MCP Security Considerations for Enterprise AI
Security patterns for Model Context Protocol deployments — authentication, context boundaries, tool supply chains, and observability.
MCP expands the attack surface
Model Context Protocol connects models to tools and data. That power introduces new risks: over-privileged tools, context leakage, and unvetted server implementations.
Authentication and authorisation
Every MCP server should integrate with enterprise identity:
- Authenticate callers (host, user, service principal)
- Authorise tool invocations with least privilege
- Log tool requests and responses for audit
Context boundary controls
Context is not free-form memory. Define:
- What data can enter a session
- Retention and redaction rules
- Separation between untrusted user content and system instructions
Supply chain hygiene
Treat MCP servers like application dependencies: version pinning, code review, vulnerability scanning, and deployment isolation.
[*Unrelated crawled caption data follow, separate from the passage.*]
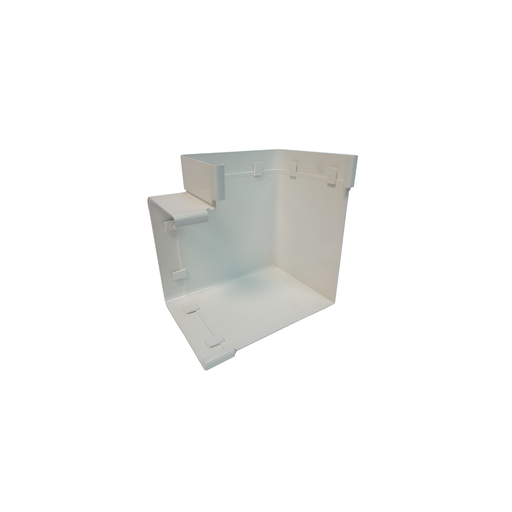 [88125] Esquina interior pvc para canal agua amanco blanco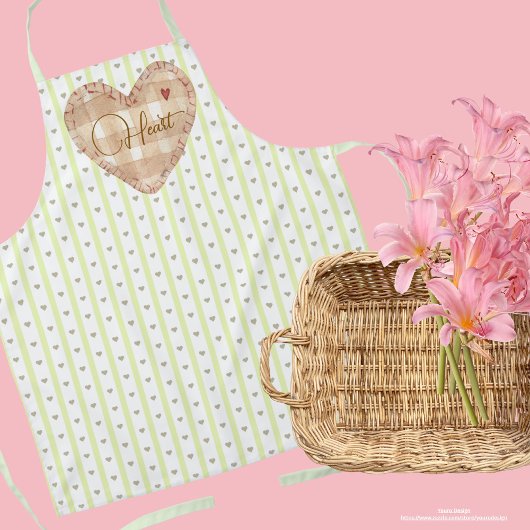 Aangepaste pastel hartpatroon Valentijn Schort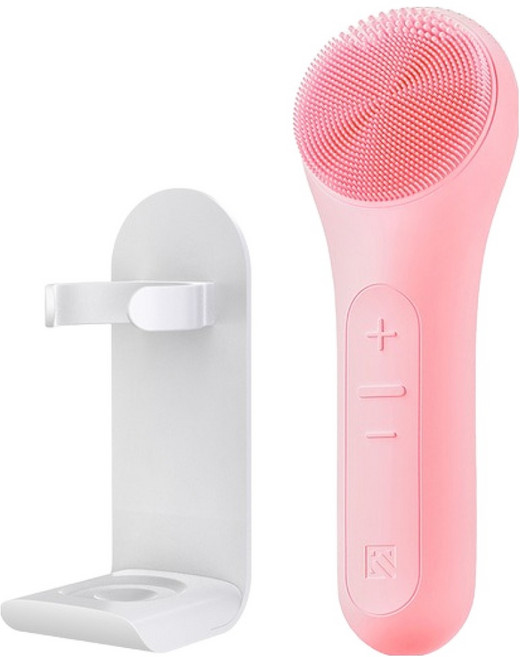 멜리언스 실리콘 브러시 진동클렌저, ML-31, 파스텔 핑크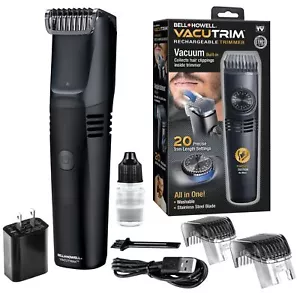 Vacutrim Cordless Mens Beard Trimmer, Rechargeable Electric Shaver with 20 Tr... - Picture 1 of 8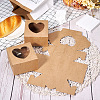 Square Paper Biscuit Boxes with Heart Clear Window CON-TAC0001-12C-02-5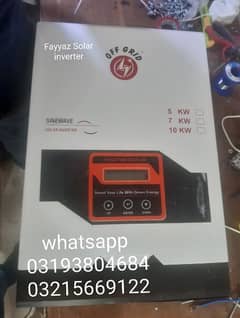 I Sale  Solar inverter Whatsapp no. 03193804684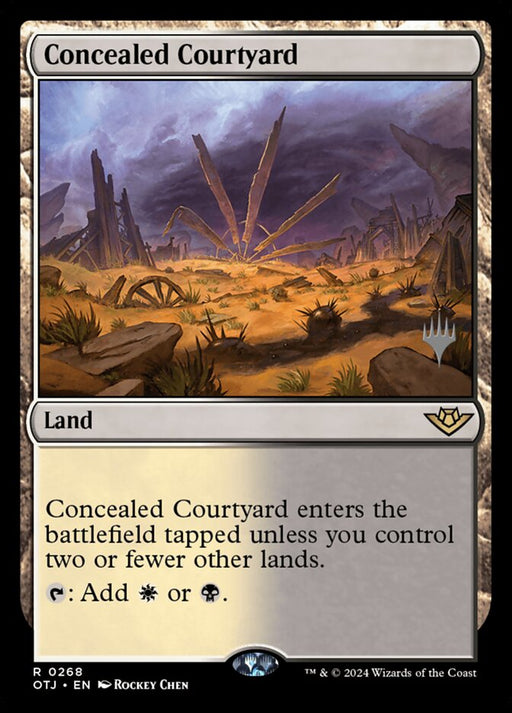 Concealed Courtyard (Foil)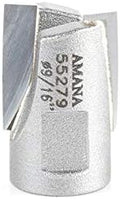 Amana Tool - (55279) Carbide Tipped Mortising Screw Down Shear Cutter 9/16 Dia x 9/16" x 1/4-28 Thread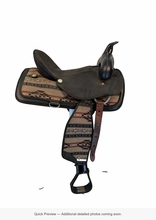 16 Inch Used Abetta Cordura Trail Saddle Wide Tree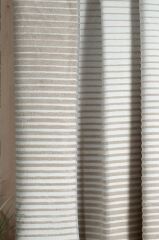 Sarev Jolie Bej Çift Kişilik Pamuklu Battaniye 200*220 Cm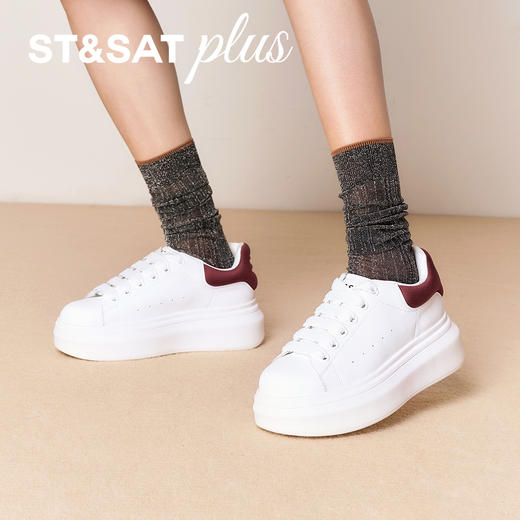 星期六百搭韩系时尚厚底小白鞋SSD3112038 商品图8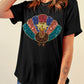 Black Glitter Turkey Graphic Thanksgiving T Shirt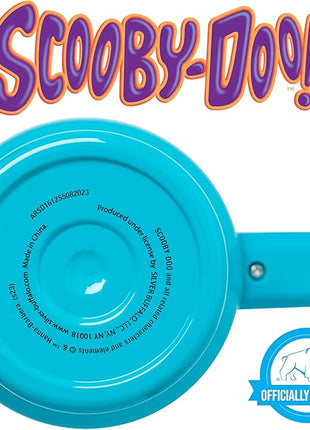 Silver Buffalo Scooby-Doo Featuring Scared Shaggy and Scooby Stainless Steel Tumbler with Handle and Straw, Fits in Standard Cup Holder, 40 Ounces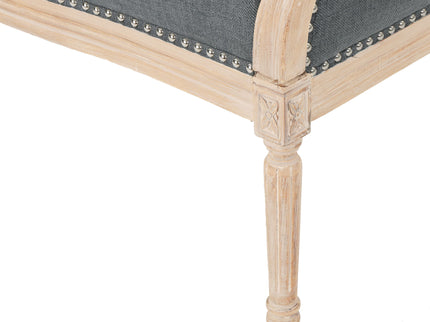 French Country Chesterfield Style Tufted Loveseat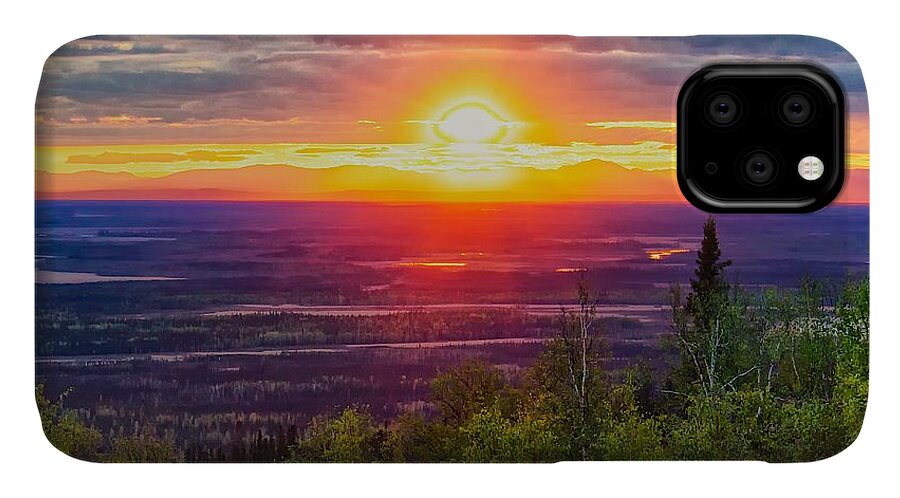 Landscape iPhone 11 Case featuring the photograph Alaska Land of the 11 PM Sun by Michael W Rogers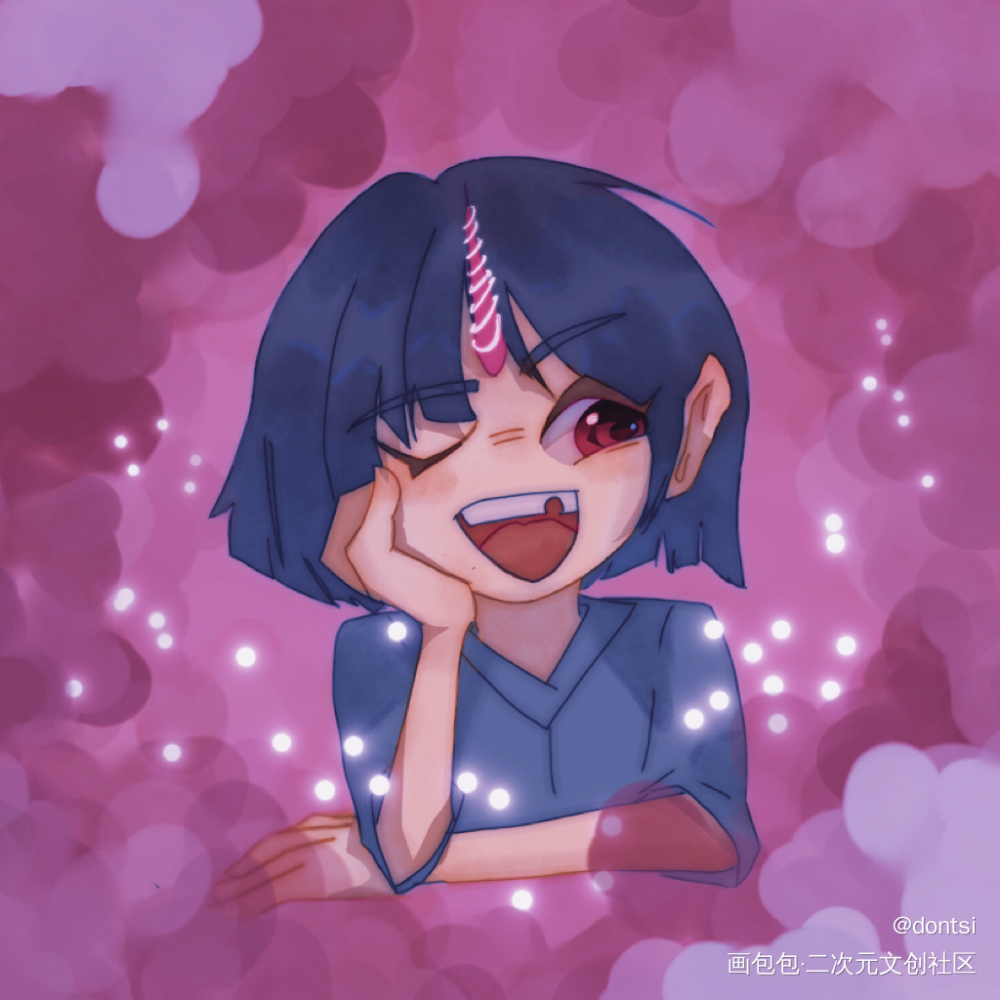 💕_板绘涂人设oc绘画作品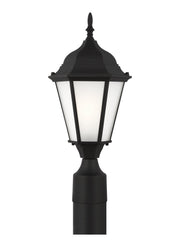 Bakersville Satin Etched Outdoor Post Light in Black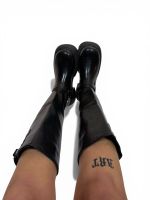 Bota Cano Alto Biker Preta
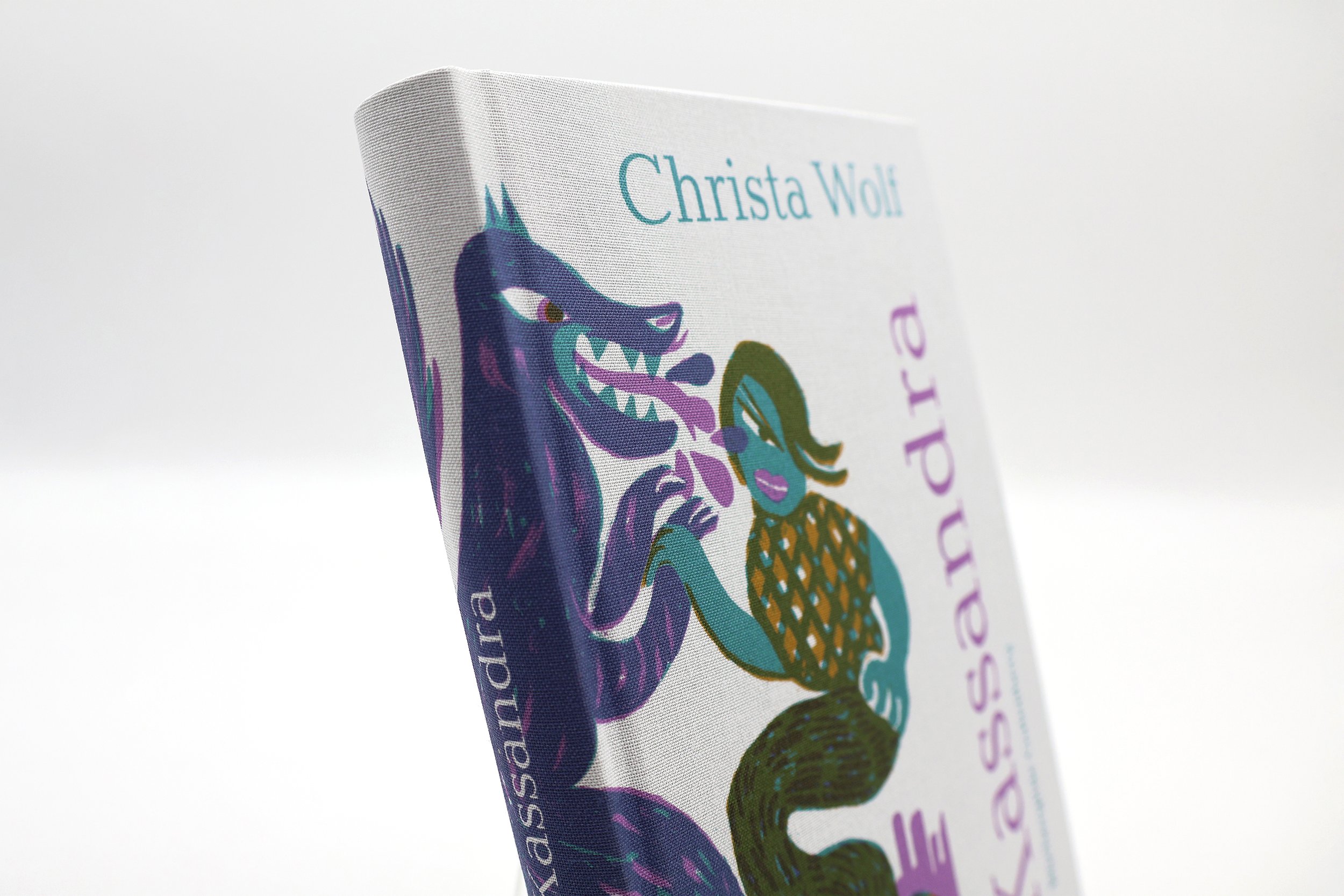 dreifarbige Illustration - Kassandra - Apollon als Wolf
# Example: restrict network egress from MCP runtime
mcp-server start --bind 127.0.0.1 --egress-deny-allObservability requirements
Security teams need visibility into tool usage, failures, and anomalies — not only model outputs. Centralise logs and correlate with identity and workload identifiers.
Governance at scale
Catalogue approved MCP servers, document data classifications, and require security review before production promotion — the same discipline applied to APIs and microservices.